Why this matters and what to do
Why this matters
Contestability is weak if there is no practical path to challenge the decision. The evidence trail should support review, correction, escalation, and explanation.
What good looks like
There is a defined review or appeal process.
The process can access the relevant evidence trail.
Correction or override outcomes are recorded.
Common mistake
Offering a generic complaints route that cannot access or interpret the AI decision evidence.
Next action
Define how an AI-influenced decision can be challenged and what evidence review will use.
Keep evidence long enough for audit, appeal, legal, regulatory, and operational needs.
Why this matters and what to do
Why this matters
Evidence that is deleted too soon cannot support audits, appeals, complaints, investigations, or regulatory review.

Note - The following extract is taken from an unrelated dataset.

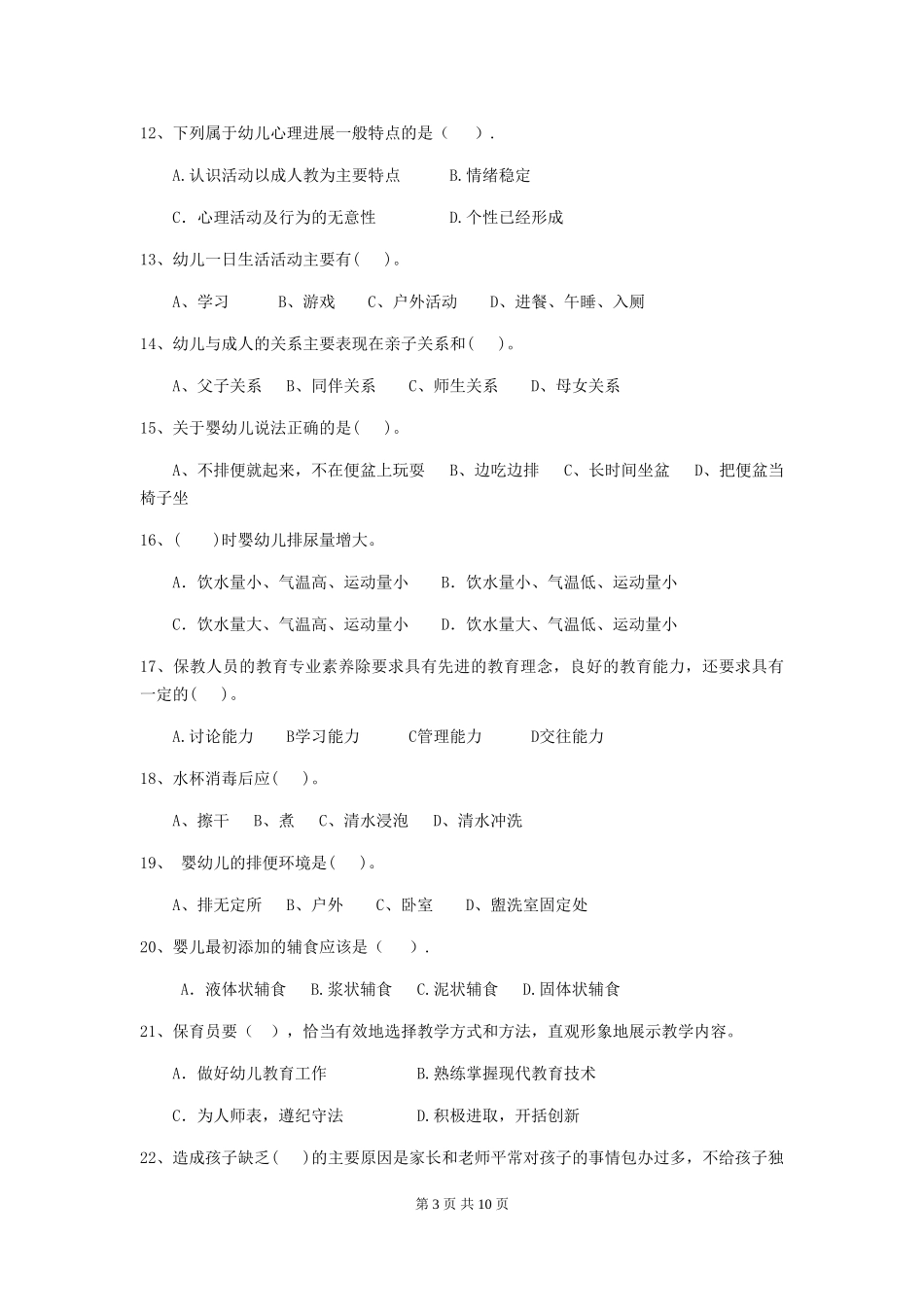 2024-2024年幼儿园小班保育员职业技能考试试题试题_第3页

Evidence retained too long may create privacy and governance problems.
What good looks like
Retention period is documented.
Retention aligns with the decision type and obligations.
Deletion, minimisation, and preservation rules are defined.
Common mistake
Letting logs expire before appeals, audits, or disputes could arise.
Next action
Define evidence retention for this AI workflow before deployment.
Decision evidence may contain personal, sensitive, confidential, or regulated information.
Why this matters and what to do
Why this matters
Strong evidence does not mean unlimited disclosure. AI audit records need access controls, minimisation, purpose limitation, and safe review paths.
What good looks like
Access to AI decision evidence is role-controlled.
Sensitive inputs and outputs are handled deliberately.
Disclosure boundaries are defined for audit, appeal, and external review.
Common mistake
Creating rich decision logs without controlling who can access or disclose them.
Next action
Define access controls and disclosure boundaries before retaining AI decision evidence at scale.
Completion
What stronger AI audit evidence looks like
You are in a stronger position when every AI-influenced decision can be connected to the input snapshot, prompt or instruction, model and configuration, output, human review, final decision, rationale, uncertainty, challenge route, and retention rule.
Stronger position
The affected decision and AI role are clearly defined.
The input snapshot is retained or reconstructable.
Prompts, instructions, queries, rules, or system tasks are recorded.
Model, provider, system, version, and relevant configuration are recorded.
AI outputs, scores, labels, recommendations, or summaries are retained.
Human review is evidenced through action and reasoning.
The final decision links to the AI evidence trail.
Uncertainty and limitations are recorded.
A challenge or appeal route can access the decision evidence.
Retention, privacy, and access controls are defined.
Weak position
The organisation cannot define where AI affects the decision.
Only the final decision is retained.
Inputs, prompts, outputs, model versions, or configurations are missing.
Human oversight is asserted but not evidenced.
Overrides and escalations disappear from the record.
The affected person cannot meaningfully challenge the outcome.
Logs expire before audit, appeal, investigation, or regulatory review.
Evidence records contain sensitive data without proper access controls.
Next steps
What to do from here.
If the AI workflow is not live yet
Do not deploy into regulated or high-stakes decisions until the evidence trail is designed. Define the decision ID, input snapshot, output record, human review record, final decision link, challenge route, and retention rule first.
If the AI workflow is already live
Map the current evidence gaps immediately. Start with missing inputs, outputs, model versions, human review records, and final decision links. Do not pretend later governance paperwork fixes missing decision evidence.
If AI-influenced decisions are already being challenged
Preserve relevant records immediately. Avoid overwriting model logs, prompts, source data, outputs, review notes, decision rationales, and appeal records. Consider legal, compliance, and forensic support before making conclusions.
This checklist prepares evidence. It does not decide legal outcomes, certify ownership, prove infringement, prove compliance, or replace professional advice.